• _Records for the task_
================
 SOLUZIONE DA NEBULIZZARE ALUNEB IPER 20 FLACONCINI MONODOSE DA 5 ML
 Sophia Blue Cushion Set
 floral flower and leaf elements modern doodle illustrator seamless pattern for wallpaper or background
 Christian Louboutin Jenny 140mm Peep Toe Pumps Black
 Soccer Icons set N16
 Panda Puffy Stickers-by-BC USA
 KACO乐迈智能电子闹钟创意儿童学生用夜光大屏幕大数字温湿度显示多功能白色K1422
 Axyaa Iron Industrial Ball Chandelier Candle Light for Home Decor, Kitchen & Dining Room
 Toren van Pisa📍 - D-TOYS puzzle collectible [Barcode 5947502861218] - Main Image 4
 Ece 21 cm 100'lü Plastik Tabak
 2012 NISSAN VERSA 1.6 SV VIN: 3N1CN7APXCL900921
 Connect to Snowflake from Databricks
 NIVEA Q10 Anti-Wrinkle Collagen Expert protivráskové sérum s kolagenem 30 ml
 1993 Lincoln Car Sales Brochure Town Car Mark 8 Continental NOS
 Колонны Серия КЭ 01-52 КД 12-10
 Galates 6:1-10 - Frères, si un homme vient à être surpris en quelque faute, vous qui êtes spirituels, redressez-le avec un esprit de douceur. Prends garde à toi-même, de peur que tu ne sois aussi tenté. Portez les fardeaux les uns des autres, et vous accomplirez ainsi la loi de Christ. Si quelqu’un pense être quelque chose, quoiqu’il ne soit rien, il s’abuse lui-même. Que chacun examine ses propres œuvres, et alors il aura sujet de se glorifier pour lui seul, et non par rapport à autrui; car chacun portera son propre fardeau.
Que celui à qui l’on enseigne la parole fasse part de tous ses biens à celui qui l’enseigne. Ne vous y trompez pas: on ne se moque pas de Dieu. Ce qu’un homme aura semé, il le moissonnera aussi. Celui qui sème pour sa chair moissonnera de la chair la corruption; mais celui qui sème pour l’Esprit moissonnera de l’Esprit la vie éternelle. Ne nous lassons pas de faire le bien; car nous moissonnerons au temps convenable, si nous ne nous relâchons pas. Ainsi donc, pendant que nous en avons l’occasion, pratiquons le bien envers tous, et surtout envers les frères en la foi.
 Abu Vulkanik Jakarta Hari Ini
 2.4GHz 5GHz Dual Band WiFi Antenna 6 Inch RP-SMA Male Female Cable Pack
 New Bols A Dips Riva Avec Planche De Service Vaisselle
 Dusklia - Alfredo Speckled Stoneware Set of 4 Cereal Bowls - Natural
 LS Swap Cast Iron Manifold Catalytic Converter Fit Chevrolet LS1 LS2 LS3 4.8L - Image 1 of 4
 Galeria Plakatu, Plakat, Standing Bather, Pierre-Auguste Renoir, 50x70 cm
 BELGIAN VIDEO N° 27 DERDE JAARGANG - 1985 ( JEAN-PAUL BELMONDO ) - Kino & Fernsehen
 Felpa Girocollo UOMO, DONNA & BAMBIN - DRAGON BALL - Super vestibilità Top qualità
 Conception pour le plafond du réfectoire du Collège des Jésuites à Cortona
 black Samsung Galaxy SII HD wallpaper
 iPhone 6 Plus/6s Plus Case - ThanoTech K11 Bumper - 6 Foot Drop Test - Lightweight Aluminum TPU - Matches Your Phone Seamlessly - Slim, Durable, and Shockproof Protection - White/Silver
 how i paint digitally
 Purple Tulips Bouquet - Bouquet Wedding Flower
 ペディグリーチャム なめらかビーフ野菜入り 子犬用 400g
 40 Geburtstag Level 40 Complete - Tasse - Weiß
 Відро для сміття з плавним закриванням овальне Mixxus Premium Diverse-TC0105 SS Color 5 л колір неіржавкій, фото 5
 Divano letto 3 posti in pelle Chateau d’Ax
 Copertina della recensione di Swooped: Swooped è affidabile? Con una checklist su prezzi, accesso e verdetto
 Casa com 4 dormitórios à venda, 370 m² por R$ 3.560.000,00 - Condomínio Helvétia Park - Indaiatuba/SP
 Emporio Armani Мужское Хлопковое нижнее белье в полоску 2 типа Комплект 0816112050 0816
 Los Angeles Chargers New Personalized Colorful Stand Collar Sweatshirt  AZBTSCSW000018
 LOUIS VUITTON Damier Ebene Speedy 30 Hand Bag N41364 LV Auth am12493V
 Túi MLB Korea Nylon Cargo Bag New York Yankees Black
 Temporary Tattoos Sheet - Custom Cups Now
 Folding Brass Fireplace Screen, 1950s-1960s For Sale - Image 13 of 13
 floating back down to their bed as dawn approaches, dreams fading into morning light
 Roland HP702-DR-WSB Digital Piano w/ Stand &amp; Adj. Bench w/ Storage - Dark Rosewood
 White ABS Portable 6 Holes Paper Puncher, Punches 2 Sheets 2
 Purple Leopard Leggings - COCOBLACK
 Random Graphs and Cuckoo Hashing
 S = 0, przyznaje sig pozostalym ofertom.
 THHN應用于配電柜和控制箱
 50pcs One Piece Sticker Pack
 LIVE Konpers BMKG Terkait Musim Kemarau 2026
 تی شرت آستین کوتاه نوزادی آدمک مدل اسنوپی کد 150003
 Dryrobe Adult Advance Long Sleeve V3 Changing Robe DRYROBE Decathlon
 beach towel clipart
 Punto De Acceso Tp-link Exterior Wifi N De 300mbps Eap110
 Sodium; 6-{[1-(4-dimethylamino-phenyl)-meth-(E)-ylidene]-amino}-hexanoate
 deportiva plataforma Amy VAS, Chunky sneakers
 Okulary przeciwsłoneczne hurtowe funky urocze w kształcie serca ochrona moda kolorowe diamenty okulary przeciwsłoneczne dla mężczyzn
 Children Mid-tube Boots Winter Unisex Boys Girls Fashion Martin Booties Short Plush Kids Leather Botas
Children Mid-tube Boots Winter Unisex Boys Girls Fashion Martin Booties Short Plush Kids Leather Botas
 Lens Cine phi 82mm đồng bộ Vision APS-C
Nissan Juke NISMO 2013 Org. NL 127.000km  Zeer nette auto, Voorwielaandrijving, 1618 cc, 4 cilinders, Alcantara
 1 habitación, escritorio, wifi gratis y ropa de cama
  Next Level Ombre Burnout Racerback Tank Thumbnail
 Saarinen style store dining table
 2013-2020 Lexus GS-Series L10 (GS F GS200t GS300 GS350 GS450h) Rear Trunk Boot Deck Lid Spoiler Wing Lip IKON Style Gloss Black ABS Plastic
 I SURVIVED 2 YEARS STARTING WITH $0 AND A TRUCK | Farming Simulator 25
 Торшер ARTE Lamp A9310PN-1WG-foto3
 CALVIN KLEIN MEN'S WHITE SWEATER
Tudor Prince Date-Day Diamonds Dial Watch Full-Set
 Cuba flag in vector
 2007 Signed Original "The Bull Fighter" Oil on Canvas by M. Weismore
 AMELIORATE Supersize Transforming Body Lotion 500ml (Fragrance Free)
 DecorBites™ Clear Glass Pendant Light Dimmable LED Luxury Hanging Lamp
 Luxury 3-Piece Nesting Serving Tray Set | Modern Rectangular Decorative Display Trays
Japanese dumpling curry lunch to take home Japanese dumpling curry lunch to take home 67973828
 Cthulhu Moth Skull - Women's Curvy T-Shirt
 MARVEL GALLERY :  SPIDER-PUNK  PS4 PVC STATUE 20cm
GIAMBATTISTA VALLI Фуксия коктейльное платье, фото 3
================
• _Action item_
Transcribe, without alteration, the line that contains "AMELIORATE Supersize Transforming" together with all lines after it in the listing above.

• _Answer space_
 AMELIORATE Supersize Transforming Body Lotion 500ml (Fragrance Free)
 DecorBites™ Clear Glass Pendant Light Dimmable LED Luxury Hanging Lamp
 Luxury 3-Piece Nesting Serving Tray Set | Modern Rectangular Decorative Display Trays
Japanese dumpling curry lunch to take home Japanese dumpling curry lunch to take home 67973828
 Cthulhu Moth Skull - Women's Curvy T-Shirt
 MARVEL GALLERY :  SPIDER-PUNK  PS4 PVC STATUE 20cm
GIAMBATTISTA VALLI Фуксия коктейльное платье, фото 3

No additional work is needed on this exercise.